TASK:
The material below holds the lines to copy: from the one with "Since we're ready" up to and including the one with "So cataract surgery". Copy them exactly and skip the pictures.

##### PROVIDED INFORMATION #####

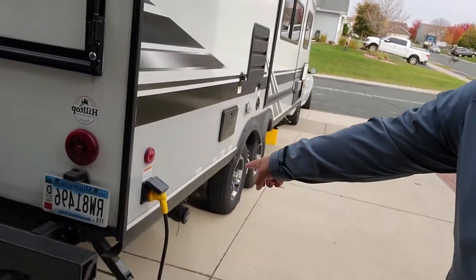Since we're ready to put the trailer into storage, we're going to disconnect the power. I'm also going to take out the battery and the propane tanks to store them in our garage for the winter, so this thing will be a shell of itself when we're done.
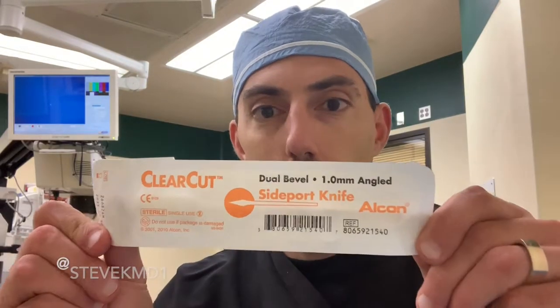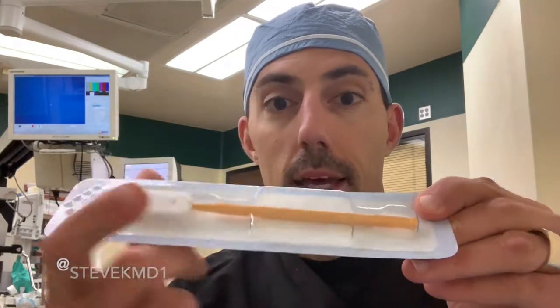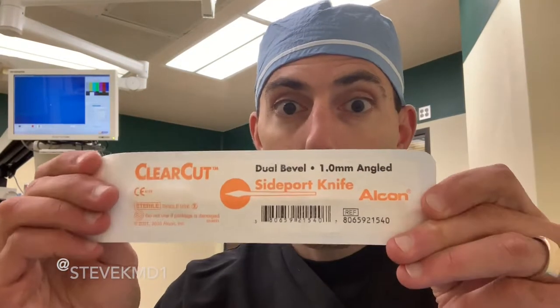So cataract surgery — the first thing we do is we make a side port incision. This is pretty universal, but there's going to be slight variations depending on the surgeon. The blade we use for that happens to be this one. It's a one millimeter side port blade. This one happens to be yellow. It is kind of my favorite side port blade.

#####
##### PROVIDED INFORMATION #####

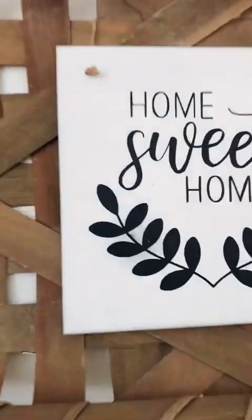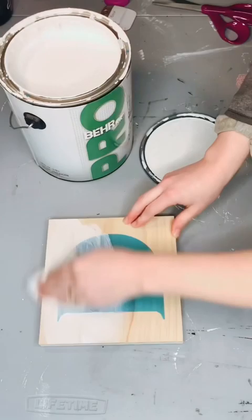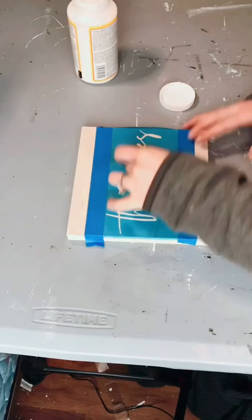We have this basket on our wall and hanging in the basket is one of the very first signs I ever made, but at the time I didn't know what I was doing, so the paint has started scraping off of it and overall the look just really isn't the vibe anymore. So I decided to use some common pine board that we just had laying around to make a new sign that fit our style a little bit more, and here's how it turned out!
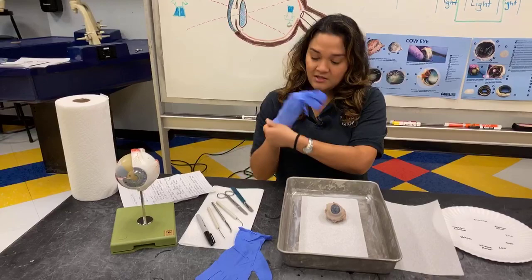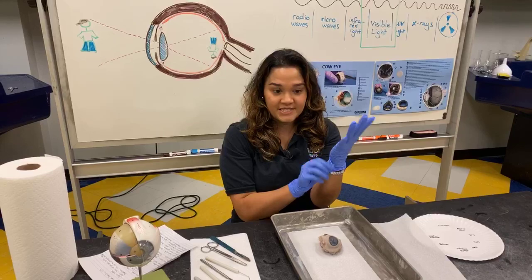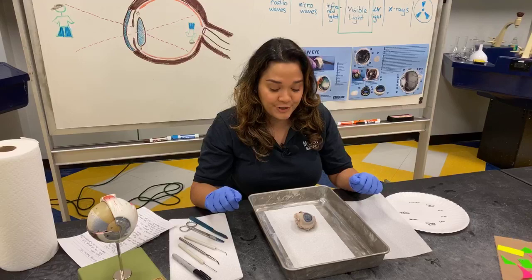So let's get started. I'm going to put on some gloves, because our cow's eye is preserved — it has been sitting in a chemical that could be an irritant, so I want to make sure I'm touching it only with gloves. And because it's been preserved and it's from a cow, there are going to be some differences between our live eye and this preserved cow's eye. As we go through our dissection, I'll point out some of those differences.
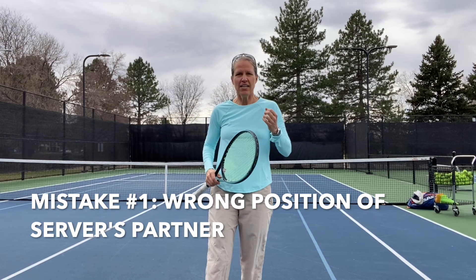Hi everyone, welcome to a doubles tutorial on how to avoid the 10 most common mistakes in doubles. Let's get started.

#####

RESULT:
Since we're ready to put the trailer into storage, we're going to disconnect the power. I'm also going to take out the battery and the propane tanks to store them in our garage for the winter, so this thing will be a shell of itself when we're done.
So cataract surgery — the first thing we do is we make a side port incision. This is pretty universal, but there's going to be slight variations depending on the surgeon. The blade we use for that happens to be this one. It's a one millimeter side port blade. This one happens to be yellow. It is kind of my favorite side port blade.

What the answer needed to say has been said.